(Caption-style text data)
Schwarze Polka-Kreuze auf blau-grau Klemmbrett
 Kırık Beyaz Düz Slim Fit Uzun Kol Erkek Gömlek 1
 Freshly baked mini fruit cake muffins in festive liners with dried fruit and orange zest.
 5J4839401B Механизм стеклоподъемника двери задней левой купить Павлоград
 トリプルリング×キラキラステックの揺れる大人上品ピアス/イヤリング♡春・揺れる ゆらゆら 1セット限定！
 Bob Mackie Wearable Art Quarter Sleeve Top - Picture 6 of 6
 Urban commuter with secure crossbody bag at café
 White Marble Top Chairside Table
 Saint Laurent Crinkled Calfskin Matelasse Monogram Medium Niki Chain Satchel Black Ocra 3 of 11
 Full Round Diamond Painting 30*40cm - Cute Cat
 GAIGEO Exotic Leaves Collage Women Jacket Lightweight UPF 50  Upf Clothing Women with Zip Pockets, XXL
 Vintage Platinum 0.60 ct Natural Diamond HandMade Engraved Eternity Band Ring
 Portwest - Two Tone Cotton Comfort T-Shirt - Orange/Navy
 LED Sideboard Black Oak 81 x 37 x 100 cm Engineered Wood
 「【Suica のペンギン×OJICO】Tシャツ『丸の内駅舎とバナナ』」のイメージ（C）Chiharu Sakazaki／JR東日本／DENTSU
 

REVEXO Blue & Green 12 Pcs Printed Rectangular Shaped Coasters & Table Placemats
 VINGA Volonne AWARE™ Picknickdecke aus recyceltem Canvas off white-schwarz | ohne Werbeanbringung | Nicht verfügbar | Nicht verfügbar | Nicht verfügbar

Exercise brief: Scan the records above for the word "Diamond". Show each line in which it appears.

Result of the exercise:
 Full Round Diamond Painting 30*40cm - Cute Cat
 Vintage Platinum 0.60 ct Natural Diamond HandMade Engraved Eternity Band Ring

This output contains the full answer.